▸ **Activity**:
Starting with the line that has "CASH EMBROIDERED BASEBALL CAP" in the records below and ending with the line that has "ロング カラー トキタ アオイのヘアスタイル", output those lines exactly and nothing more; omit the pictures.

Data to examine below:

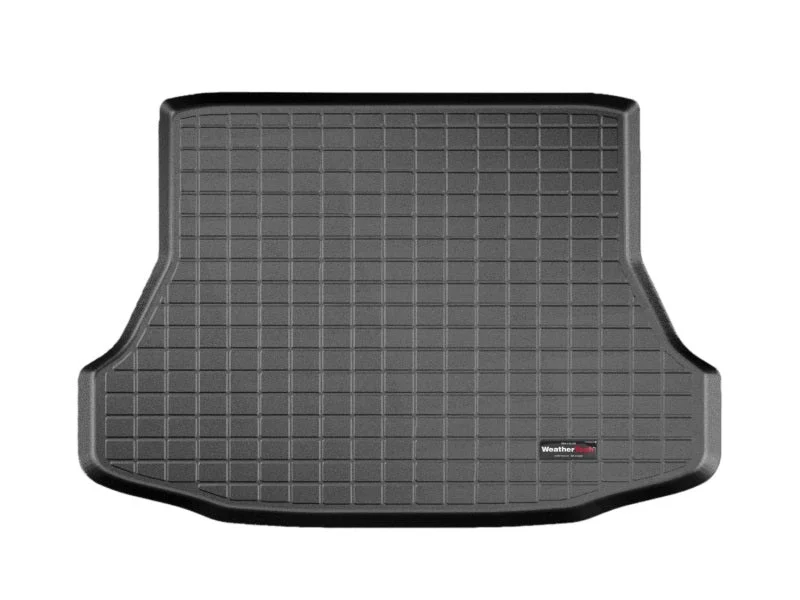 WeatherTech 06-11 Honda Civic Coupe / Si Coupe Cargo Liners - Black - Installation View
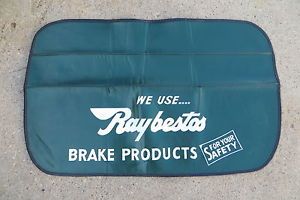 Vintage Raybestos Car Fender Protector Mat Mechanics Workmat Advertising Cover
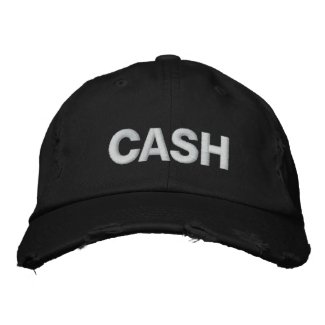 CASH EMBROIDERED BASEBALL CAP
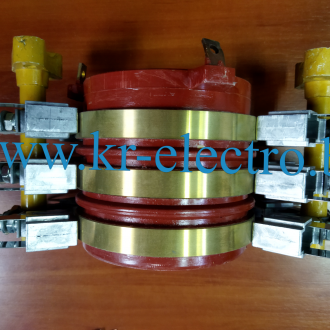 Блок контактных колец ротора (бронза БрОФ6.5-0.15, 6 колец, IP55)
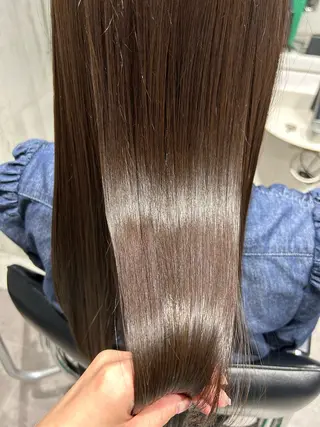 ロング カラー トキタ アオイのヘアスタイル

End of Data to examine.
Data to examine below:

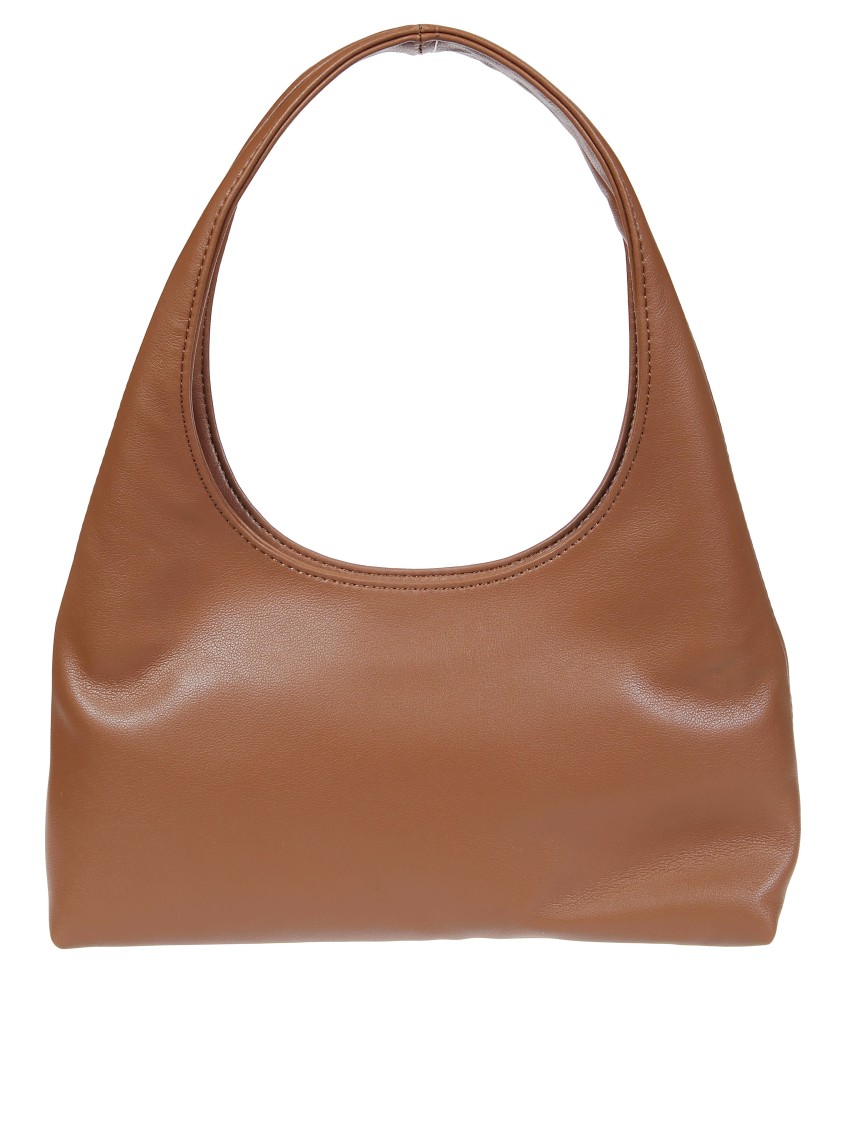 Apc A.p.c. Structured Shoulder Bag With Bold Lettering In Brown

End of Data to examine.

▸ **Answer box**:
 CASH EMBROIDERED BASEBALL CAP
 Блок контактных колец ротора (бронза БрОФ6.5-0.15, 6 колец, IP55)
 ロング カラー トキタ アオイのヘアスタイル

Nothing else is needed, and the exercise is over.